As a key, I used a 32-bit integer, and as a value I used the pointer (64 bits). These are the key and value sizes we use most often.

I haven’t shown the results of other tests, which you can find in the repository, as I was most interested in random get and memory use.

The fastest associative array proved to be dense hash from Google. Next came spp and then std::unordered_map.

However, if we look at memory, we can see that dense_hash_map uses more memory than other implementations. In fact, that is what the documentation states. Moreover, if our test were to include competing read and write functions, we would probably encounter stop-the-world readjustment. Thus, in applications where responsiveness and writing a large number of entries are important, dense hash cannot be used.
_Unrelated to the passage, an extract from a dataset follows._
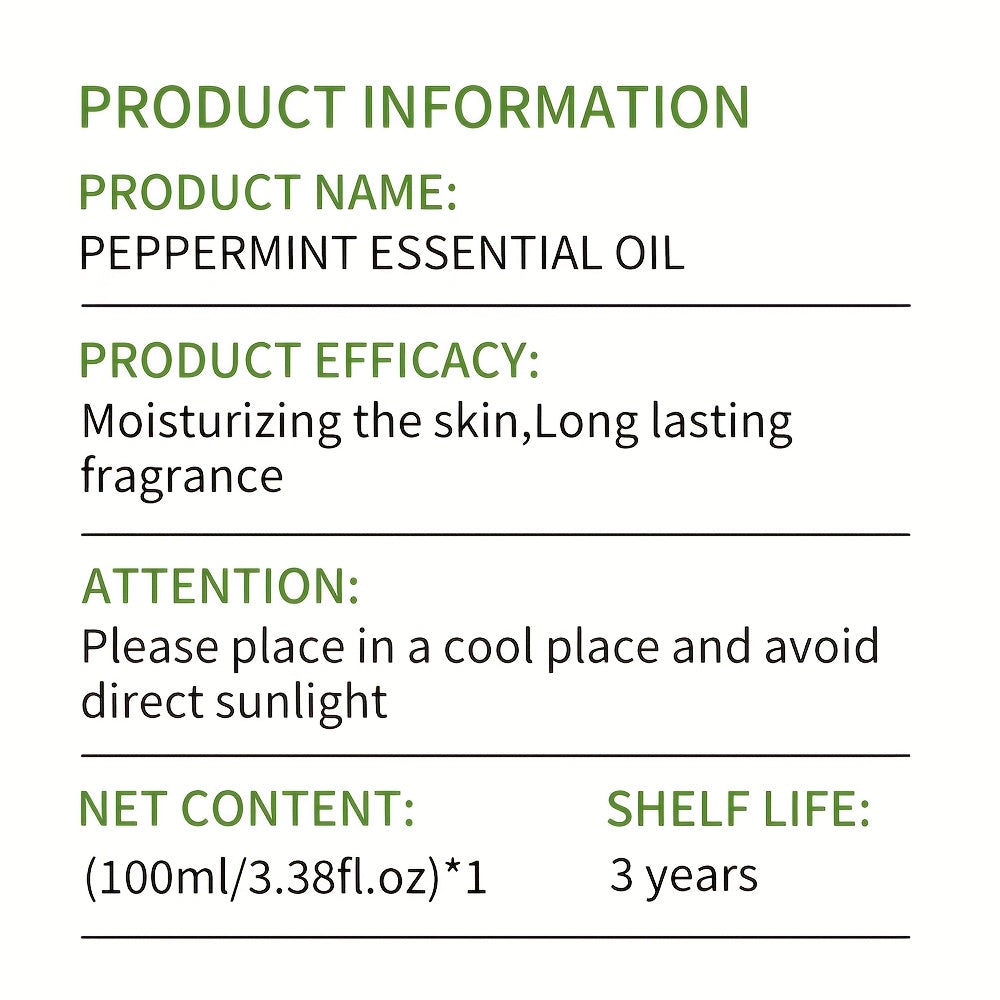 100ml/3.38fl.oz Peppermint Body Essential Oil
I also looked at alternative implementations of hash functions. However, it worked out that the standard std::hash is fastest.

A colleague happened to notice that in the case of 32- or 64-bit keys std::hash is basically just an identity. In other words, the numbers fed in and coming out are the same, or, to put it another way, the function doesn’t do anything. хxhash and t1ha, for their part, calculate the hash fairly.

In terms of productivity jemalloc is useful. Practically all implementations become faster.

However, in terms of memory use jemalloc is not so good.

Source code and hardware

I put the source code for the benchmarks on github. If you want, you can replicate my tests or expand them.

I performed the tests on my own home desktop computer:

● Ubuntu 11.04

● Linux 4.10.0

● Intel® Core(TM) i7–6700K CPU @ 4.00GHz

● 32 GiB DDR4 memory

● GCC 6.3.0

● Compiler flags: -std=c++11 -O3 -ffast-math

Brief conclusions and concluding remarks

Our tests have shown the strong potential of spp as a replacement for Judy. spp proved to be faster for random gets and its overhead in terms of memory is not too large.

We have made a simple C++ wrapper for C and in the near future we shall try spp out on one of our highly in-demand services.

In terms of a purely philosophical conclusion I would say that each of the implementations we have considered has its advantages and disadvantages and a choice should be made based on the task at hand. Understanding the internal structure of the implementations in question should help you to find the right solution for your particular task. It is this understanding which often makes the difference between simply being an engineer and being a more proficient one.